Jacqueline du Pré and I were engaged to play a concert together in April 1967 with the English Chamber Orchestra, but we first met in December 1966, at the house of Fou Ts'ong, the Chinese pianist who was married at the time t Menuhin's daughter. We were all to spend the evening playing chamber music together. Jacqueine and I were drawn immediately to each other, both in a personal and a musical sense. About two or three months later we decided to marry. She was already by then studying Judaism, because she intended to convert to my religion. I did not influence her at all; she wanted to do it, partly for me, but also because at that time we hoped to have children. It may also have been because so many of the great musicians she knew were Jewish, and she wanted to share this experience.
David Ben-Gurion attended our wedding in June 1967, and he was photographed with Jacqueline and myself. Though he did not really care about music, he was a great admirer of hers. There was also the special significance of an English girl, and a Gentile at that, who had come to Israel in 1967 when the country was at war. She became a sort of a symbol in Israel, and Ben-Gurion was very aware of that.

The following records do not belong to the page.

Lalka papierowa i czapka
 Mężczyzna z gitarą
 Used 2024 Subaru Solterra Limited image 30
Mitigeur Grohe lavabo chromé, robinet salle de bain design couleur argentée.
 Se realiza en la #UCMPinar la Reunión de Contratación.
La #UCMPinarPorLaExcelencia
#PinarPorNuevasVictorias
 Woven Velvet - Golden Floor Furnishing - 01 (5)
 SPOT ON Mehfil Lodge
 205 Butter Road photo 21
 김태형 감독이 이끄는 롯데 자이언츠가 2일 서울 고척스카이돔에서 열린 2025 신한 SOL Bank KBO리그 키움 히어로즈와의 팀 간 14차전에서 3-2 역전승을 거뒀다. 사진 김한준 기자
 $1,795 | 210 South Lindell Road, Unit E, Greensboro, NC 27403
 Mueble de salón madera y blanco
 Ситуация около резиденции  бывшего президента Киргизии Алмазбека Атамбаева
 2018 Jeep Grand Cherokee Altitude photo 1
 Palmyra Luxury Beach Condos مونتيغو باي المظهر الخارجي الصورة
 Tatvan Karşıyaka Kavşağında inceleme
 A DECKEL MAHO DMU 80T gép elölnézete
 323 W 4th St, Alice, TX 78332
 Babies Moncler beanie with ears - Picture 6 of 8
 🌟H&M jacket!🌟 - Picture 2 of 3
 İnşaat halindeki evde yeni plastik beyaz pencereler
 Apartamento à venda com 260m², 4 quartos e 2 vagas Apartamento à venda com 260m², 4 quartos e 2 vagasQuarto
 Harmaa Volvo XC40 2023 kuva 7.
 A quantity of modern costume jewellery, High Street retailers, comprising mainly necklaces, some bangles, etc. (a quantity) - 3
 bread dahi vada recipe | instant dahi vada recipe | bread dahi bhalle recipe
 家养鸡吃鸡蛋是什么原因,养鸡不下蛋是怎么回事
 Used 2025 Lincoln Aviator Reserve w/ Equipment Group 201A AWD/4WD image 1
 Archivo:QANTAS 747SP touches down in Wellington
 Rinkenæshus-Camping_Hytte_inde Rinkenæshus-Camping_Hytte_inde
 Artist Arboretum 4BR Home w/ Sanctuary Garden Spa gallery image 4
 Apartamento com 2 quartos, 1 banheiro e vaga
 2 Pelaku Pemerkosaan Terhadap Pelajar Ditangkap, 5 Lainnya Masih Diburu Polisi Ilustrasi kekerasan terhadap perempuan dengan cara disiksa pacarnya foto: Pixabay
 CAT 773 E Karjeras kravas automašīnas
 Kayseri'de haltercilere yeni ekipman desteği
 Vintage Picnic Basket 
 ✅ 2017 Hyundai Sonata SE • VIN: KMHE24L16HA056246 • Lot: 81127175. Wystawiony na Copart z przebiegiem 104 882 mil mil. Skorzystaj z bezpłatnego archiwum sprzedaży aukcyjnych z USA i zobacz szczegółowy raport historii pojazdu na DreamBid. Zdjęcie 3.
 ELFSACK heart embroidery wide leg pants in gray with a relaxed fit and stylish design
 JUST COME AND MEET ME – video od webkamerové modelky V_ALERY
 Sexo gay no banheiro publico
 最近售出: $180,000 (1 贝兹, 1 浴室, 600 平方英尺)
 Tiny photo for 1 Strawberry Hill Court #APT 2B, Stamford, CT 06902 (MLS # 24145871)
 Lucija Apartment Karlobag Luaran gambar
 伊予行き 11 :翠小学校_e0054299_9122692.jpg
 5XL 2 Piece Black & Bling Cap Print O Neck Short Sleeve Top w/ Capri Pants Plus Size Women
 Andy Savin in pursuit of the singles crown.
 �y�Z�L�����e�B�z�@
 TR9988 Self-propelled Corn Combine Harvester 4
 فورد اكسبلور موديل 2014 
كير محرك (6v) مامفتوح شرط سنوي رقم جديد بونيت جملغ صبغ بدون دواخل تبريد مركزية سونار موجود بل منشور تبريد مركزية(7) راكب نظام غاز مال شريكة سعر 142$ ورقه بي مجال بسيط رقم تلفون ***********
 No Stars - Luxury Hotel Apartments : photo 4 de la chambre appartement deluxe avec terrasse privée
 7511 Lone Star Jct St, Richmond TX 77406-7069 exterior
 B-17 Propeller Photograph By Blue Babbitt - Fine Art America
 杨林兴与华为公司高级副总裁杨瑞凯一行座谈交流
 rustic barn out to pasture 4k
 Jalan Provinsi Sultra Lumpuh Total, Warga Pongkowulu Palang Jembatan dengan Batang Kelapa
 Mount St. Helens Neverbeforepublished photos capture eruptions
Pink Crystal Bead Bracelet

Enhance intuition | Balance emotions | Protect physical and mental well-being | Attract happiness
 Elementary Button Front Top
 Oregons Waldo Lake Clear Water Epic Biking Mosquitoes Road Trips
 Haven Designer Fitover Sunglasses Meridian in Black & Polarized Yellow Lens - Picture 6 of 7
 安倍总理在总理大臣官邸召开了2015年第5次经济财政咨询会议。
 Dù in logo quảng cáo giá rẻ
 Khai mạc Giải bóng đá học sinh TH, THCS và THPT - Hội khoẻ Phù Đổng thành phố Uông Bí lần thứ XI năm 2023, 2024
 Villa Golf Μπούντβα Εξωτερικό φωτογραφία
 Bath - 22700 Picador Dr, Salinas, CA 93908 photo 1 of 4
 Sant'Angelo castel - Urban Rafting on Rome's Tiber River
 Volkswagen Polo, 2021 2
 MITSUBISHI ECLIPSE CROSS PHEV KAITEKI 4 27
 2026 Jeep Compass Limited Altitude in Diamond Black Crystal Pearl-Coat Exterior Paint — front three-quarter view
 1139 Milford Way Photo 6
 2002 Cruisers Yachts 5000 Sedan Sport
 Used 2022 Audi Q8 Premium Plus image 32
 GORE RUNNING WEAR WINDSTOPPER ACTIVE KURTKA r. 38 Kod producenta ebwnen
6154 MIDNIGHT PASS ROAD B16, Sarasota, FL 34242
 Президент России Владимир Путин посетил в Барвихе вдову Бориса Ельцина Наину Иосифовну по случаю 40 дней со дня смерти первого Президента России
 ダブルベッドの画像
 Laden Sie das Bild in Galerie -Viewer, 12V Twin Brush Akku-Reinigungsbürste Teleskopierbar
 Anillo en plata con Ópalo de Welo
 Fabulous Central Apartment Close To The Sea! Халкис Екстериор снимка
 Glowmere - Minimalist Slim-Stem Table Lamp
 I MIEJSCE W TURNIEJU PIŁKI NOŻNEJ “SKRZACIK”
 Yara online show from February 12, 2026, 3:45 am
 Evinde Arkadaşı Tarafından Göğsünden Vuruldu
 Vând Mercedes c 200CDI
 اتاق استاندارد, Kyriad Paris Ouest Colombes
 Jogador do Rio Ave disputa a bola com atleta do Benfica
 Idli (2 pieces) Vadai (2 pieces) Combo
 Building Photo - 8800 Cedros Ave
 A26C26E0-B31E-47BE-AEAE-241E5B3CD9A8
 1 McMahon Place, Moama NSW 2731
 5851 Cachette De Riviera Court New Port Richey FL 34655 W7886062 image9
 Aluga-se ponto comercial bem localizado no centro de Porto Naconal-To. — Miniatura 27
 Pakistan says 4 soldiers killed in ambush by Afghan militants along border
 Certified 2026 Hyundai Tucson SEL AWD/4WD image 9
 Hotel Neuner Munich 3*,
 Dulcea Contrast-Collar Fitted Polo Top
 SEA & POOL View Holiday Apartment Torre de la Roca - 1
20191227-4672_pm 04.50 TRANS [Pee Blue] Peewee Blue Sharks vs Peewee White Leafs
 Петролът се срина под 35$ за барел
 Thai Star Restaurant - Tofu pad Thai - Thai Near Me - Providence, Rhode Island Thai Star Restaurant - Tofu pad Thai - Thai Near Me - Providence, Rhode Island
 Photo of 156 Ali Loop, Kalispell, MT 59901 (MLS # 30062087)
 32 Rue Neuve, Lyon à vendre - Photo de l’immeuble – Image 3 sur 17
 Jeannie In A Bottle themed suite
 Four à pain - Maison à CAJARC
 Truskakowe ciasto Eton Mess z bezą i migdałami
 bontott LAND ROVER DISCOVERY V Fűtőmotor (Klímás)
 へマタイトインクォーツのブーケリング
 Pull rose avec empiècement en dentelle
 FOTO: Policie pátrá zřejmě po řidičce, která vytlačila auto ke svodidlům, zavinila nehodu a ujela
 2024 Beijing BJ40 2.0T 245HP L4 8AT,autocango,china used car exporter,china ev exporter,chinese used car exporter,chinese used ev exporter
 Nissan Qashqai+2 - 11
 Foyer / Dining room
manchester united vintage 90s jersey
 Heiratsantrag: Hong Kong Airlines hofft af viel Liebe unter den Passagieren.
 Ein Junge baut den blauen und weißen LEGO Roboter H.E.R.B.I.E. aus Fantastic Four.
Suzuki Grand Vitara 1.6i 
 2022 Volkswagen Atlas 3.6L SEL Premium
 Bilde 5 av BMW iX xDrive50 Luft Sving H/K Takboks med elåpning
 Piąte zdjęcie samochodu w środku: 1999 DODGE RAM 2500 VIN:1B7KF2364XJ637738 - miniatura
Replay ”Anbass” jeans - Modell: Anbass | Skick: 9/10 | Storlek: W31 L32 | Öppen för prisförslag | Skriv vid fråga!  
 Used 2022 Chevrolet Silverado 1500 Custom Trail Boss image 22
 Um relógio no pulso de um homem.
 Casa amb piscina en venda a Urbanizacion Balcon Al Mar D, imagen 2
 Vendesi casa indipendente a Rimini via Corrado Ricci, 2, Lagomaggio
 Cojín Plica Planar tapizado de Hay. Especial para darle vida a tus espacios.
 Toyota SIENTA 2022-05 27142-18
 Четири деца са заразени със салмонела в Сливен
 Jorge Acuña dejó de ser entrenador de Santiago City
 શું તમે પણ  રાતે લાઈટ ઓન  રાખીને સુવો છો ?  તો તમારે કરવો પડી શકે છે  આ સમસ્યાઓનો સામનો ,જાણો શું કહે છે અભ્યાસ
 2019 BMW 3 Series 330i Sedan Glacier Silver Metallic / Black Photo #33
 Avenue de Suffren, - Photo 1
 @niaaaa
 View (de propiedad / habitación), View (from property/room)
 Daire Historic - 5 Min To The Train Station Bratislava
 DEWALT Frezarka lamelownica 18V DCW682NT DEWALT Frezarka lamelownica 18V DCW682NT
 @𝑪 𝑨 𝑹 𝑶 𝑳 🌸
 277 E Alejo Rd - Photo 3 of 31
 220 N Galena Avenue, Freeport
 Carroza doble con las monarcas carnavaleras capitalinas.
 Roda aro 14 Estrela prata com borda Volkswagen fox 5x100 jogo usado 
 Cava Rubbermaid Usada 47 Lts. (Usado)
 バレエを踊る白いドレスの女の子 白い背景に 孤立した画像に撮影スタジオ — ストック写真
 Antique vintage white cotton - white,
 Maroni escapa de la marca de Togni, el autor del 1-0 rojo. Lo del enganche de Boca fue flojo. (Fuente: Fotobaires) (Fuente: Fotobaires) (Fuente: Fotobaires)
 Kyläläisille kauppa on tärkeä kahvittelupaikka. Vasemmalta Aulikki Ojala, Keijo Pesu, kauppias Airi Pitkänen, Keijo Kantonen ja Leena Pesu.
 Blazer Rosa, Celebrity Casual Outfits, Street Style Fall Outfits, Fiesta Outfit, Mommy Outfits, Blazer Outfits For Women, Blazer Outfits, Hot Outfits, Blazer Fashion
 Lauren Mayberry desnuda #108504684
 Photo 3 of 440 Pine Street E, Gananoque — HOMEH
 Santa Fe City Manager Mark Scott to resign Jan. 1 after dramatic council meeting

A few weeks after we had met I remember playing a recording to Jacqueline of the Prelude and 'Liebestod' from Tristan und Isolde. She had never heard a note of Wagner before but, when she listened to something for the first time, it immediately became part of her. Whatever I showed her, or whatever she heard, seemed to bring out something that was already in her. She had a horror of anything that was fake, or insincere, of anything artificial. She had a gift very few performers have, the gift of making you feel that she was actually composing the music as she was playing. She did not know what it was to have technical difficulties, nor what it meant to play safe. There was a sensation of pure abandon when she played and it was that quality that endeared her to her colleagues and to her audience. There was something in her playing that was so completely and inevitably right - as far as tempo and dynamics were concerned. She played with a great deal of rubato, with great freedom, but it was so convincing that you felt like a mere mortal faced with somebody who possessed some kind of ethereal dimension.
Musically speaking, she was something of a rebel - she had her own brand of obstinacy. There was something deep inside her that revolted against the obvious, the accustomed or the conventional. Yet, it was not just her personality or her charisma, but the intensity of her feeling that made you wonder if there could be, after all, some valid reason for changing the printed score! With other musicians one would have felt that such a reaction was wilful or capricious, but there was nothing wilful or capricious about Jacqueline's music making.
She was an extremely kind person who could be quite hard in her judgment of other musicians when it concerned lack of commitment or intensity, or what was considered lack of honesty. Anyone who was not willing to give all of himself was a dishonesty person. Even as young girl of fifteen or sixteen, when attending Pablo Casals's master classes in Zermatt, she was already quite a rebel. Then she went to Moscow for a few months to study with Mstislav Rostropovich, and was quite a bit of a rebel there too. She also studied with Paul Tortelier for a few months. She did not accept authority automatically - it had to be proved to her that there was a reason for it. She was a rebel but also naive in the sense that she had a directness, and instinctive, almost physical contact with music. Those are the traits that remain in my memories of her as a musicians.
In those days it was much simpler to make recordings, and there was only one other cellist of Jacqueline's caliber - Tortelier. The other cellist who caught the public's imagination was, of course, Rostropovich, but he was in the Soviet Union and only sporadically came to the West. There was certainly no other cellist of her generation and she therefore had practically no competition.
The first recording we made together was in 1967, when she played the Haydn C major and Boccherini cello concertos. In 1970 she wanted to record the Dvorak Concerto with me and we thought of doing it in Chicago because it had such a wonderful orchestra and because she had played with them before. She also made a record of the Chopin and Cesar Franck sonatas, and another of the Tchaikovsky Trio, live from Tel Aviv, but by then there were already periods when she was unable to play. She had such a very short time.
Jacqueline's way of playing did not really change from the time she was a teenager - you can hear that on some of her very early recordings, which were released after her death. Even then, she played with incredible intensity and vivacity. Obviously she continued to develop, but the basic personality and character of her cello playing was established at a very early age. Of all the great musicians I have met in my life, I have never encountered anyone for whom music was such a natural form of expression as it was for Jacqueline. With most musicians you feel that they are human beings who happen to play music. With her, you had the feeling that here was a musician who also happened to be a human being. Of course, one had to eat and drink and sleep and have friends. But with her the proportions were different - music was the center of her existence.
Until her illness began to cripple her, she was able to do whatever she wanted on the cello, and needed very little practice. She had a capacity to imagine sound such as I never met in any other musician. She was really a child of nature - a musician of nature with an unerring instinct.